Tuesday, April 23, 2013

Provenance of Intelligence Analysis Using Visual Analytics

Intelligence agencies often retrieve information from multiple sources to anticipate and counter terrorist attacks. Often difficulties of organizing this information arise when dealing with large quantities of dynamically changing information. Interactive visuals tools allow for effectively analyzing data and providing faster insight. Post Cold War centralized terrorist organizations have been replaced by decentralized terrorist cells that continually reinvent threats. In this case, visual analytics in intelligence is extremely useful for identifying behaviors of terrorist groups. For example, some of the advantages of using visual tools to study behaviors of a network of individuals include identifying key players of the complex network, identify emerging themes, indicate geo-spatial relationships, and show correlations across multiple parameters.  

During intelligence analysis, raw information processed through multiple stages is transformed into actionable intelligence. According to the authors, processing a large amount of raw material requires the use of visual tools to track the transformation. Both evolving and complete analysis should involve a review of the analytic process including tracking the sources of data and their reliability, reviewing background knowledge of the scenario in question, and analysts assumptions. Also known as provenance information, information that is traceable is valuable when assessing the plausibility of conclusions. Also a framework of permission management can be applied to visual tools in an effort to manage transparency among analysis with differing security clearances. The authors’ approach to traceability includes three categories; data level, analysis products, and reasoning products. The framework is based on products present in any analytic workflow. However, a number of challenges exist in tracing provenance during intelligence analysis. The authors suggest another framework called provenance reasoning workspace that comprise of three spaces to reduce these challenges.

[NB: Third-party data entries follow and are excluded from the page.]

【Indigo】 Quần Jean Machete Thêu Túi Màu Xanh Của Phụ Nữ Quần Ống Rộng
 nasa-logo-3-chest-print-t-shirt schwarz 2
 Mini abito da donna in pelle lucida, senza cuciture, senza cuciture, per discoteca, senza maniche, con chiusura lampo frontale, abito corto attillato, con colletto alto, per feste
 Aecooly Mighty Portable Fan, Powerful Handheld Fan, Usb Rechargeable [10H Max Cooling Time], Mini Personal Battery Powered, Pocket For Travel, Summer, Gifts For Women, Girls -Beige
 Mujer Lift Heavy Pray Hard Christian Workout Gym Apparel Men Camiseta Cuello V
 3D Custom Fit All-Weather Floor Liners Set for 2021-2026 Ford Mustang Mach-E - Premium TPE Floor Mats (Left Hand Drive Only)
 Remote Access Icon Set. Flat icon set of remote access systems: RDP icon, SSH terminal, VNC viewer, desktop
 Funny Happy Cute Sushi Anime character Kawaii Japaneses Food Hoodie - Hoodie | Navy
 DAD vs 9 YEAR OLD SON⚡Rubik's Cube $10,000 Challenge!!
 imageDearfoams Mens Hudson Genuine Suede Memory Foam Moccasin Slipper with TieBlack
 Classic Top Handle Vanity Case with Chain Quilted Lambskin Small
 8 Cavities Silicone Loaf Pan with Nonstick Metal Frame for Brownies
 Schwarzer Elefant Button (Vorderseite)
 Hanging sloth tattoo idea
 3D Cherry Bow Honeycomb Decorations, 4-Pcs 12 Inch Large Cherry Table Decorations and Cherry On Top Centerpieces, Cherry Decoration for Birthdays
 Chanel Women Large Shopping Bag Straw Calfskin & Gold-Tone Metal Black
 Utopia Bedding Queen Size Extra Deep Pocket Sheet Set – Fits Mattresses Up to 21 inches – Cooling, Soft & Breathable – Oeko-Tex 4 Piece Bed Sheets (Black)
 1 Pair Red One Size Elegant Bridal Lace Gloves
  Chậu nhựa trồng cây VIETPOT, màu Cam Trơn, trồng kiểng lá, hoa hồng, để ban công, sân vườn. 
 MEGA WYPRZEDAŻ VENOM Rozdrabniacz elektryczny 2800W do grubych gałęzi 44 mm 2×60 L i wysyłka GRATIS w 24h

The spaces include a data space, a computation space, and a reasoning space.                              

Although this article was short, it was not an easy read. The article had a few sentence fragments and run on sentences. I had to read some sentences a number of times to understand the content. The authors focus was on using visual tools to keep track of the process of collecting information to analyzing intelligence as oppose to using it as a tool that enhances the presentation of the final product to the decision makers. Most of the article focused on providing advantages of using visual tools to trace the transformation of information to intelligence followed by frameworks. The information on the article needed to be explained in more than two pages. The authors’ framework for tracing the transformation of information into intelligence is not very descriptive. An example or a methodology section testing the frameworks may have shown the applicability of the frameworks.   

This reminds me of the article that I summarized about decision trees. Decision tress may not trace the process of gathering and analyzing intelligence, but it is a tool that can visually organize data for the analyst’s use rather than the decision maker’s. The authors’ frameworks are prone to similar challenges of incorporating decision trees to intelligence process. Similar to decision trees and contrary to the authors’ view, the provenance frameworks may not be able to handle complex scenarios. It seems quite tedious and requires the use of two different frameworks. Organizing data at each phase will require the use of multiple tools. It also requires the analysts to update each step when incorporating new evidence. I’m unsure of the benefit of tracing the process of creating intelligence from the beginning to the end in a visual manner.
Wong, W., Xu, K., & Attfield, S. (n.d.). Provenance for intelligence analysis using visual analytics. 
         Retrieved from http://eprints.mdx.ac.uk/8415/1/intelligence-analysis-provenance1.pdf


  1. I disagree with the statement made by the authors claiming processing a large amount of raw material requires the use of visual tools to track the transformation. While visual tools may help not only the analyst but the decision maker see the transformation more clearly, it can still be done using traditional methods. Furthermore, I think an ideal situation would incorporate both visual tools as well as more traditional methods.

    Additionally, I think the suggestions made in the article are valid. Considering its short length an extension of the article may be useful in validating the findings of the authors.

  2. Our topics are fairly similar with both authors wanting to show how visual analytics applies to the intelligence field. I agree that this article could have been longer in order to explain things more effectively. Additionally, where my article kind of helps your article is the fact that having traceable evidence means that someone else can pick up your project where you left off and have a good grasp of how to proceed. What I think they were trying to get at as well is that the products produced should be able to change into different forms.